Diego and Katja looked at the key with a sense of awe. “We need to use it fast,” said Katja, herself eyeing up the heft of the object.
Tala had barely been able to stifle a manic laugh. After enduring the rigmarole of the faltering hydraulic antechambers, to be faced with barred cells straight out of a western movie seemed absurd. Standard key and lock entry was an enduring, steadfast means of detaining a ne’er-do-well and also meant they only had to provide a single duct for air circulation. It was also highly unsound when the cells pinned a narrow corridor not two arms spans in width.
As Katja slept, Tala formulated a plan. It hinged on Dr. Smith returning to the cells with Ildar in tow like a trusted jowly hound dog. Tala sensed the former project lead was now attached to Dr. Smith with an invisible leash as they squabbled out the last few hours of an experiment he’d long lost dominion over.

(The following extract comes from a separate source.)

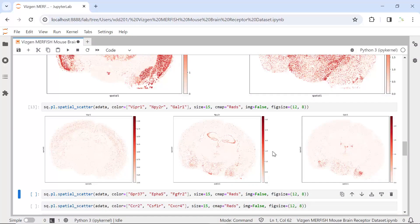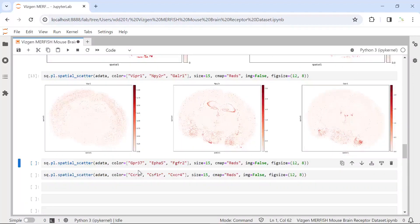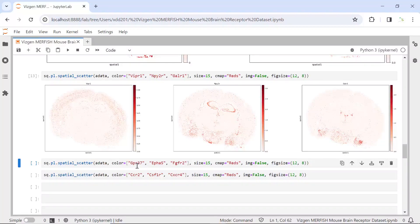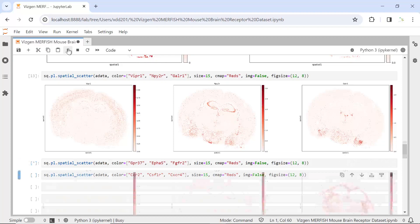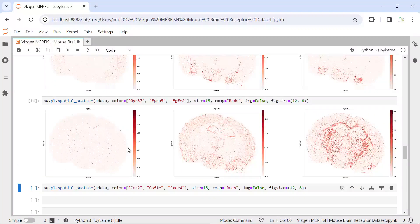We can also plot other receptors. For example, we can plot GPR37, which is a very important receptor for oligodendrocyte myelination. Then EPHA is the receptor for classic axon guidance molecules. We can also plot a growth factor receptor — here we are going to use FGFR2 as an example. So let's make the plot to see the expression of GPR receptors, axon guidance molecule receptors, and growth factor receptors. You can see from the plot the expression in different regions of the mouse brain.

Tala had been ecstatic to see Hernandez still alive, even if he was at gunpoint. The motorman was her closest friend amongst the Riyadh crew and he’d unwittingly invigorated her plan by being captured. As Tala hoped, Dr. Smith enjoyed her position of superiority over Ildar. Thrashing out her plans in plain sight of her captives while simultaneously subjugating the remaining member of the Unseen Hand. All within the tight confides of the cellblock corridor.

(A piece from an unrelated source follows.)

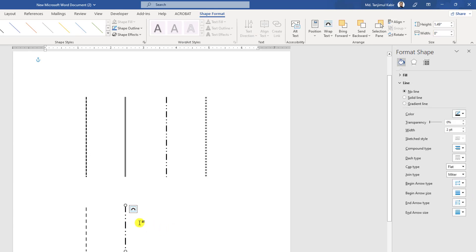So this is another dash type. You can easily insert this kind of dash type from here.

Tala had simply channelled her destitute street urchin days, recalling the fast handed trade of pick pocketing that she’d used to survive –
It wasn’t time for mourning and regret.
Quickly, Tala tried the key on the cell lock. The length of the key and the position of the lock made the task awkward.
Soviet budget constraints hadn’t extended to an open sided lock. Craning her arm, she managed to slip the key into the barrel, metal jangled against metal, the key suddenly small within the lock. Tala could feel beads of sweat across her forehead, her grasp on the key merely fingertips. She tried turning it within the cylinder, but felt it clipping inside the mechanism, refusing to rotate. Tala readdressed her grip, pressing her arm painfully into the cell bars, hoping the resistance was simply a lack of strength from her initial position. Her grip was tighter now, she could feel the key refusing to match the pins within the barrel, felt anger welling inside her. She stepped back and growled, her hands clenched into fists, her palms moist with stress exertion. Katja placed a consoling hand on her shoulder and Tala shrugged it off, defiant.
“Yo mi chicha. I don’t think that key is for your door,” Hernandez small face was pressed between the bars of his own cell, watching the scene. “Probably got separate keys for separate doors, eh?”
Tala ignored him and tried again. She forced her arm further into the bar, grimacing as the steel pinched blood vessels shut, pressing coldly through flesh and muscle. She could feel the pins jamming into the metal key, failing to marry with the grooves cut into it. Beneath her breath she uttered obscenities, it had to be the key. The plan hinged on this being the key.
But it wasn’t.
“Tala?” Katja asked, gently.
Tala turned her back on the blasted lock and slid to the ground. “It’s not the cell key,” she said, her voice heavy with failure. Katja sat next to her, not saying anything, just letting Tala rest her head on her shoulder. She was glad Katja didn’t speak, Tala could sense thunderclouds building behind her eyes, threatening to overwhelm her with rage.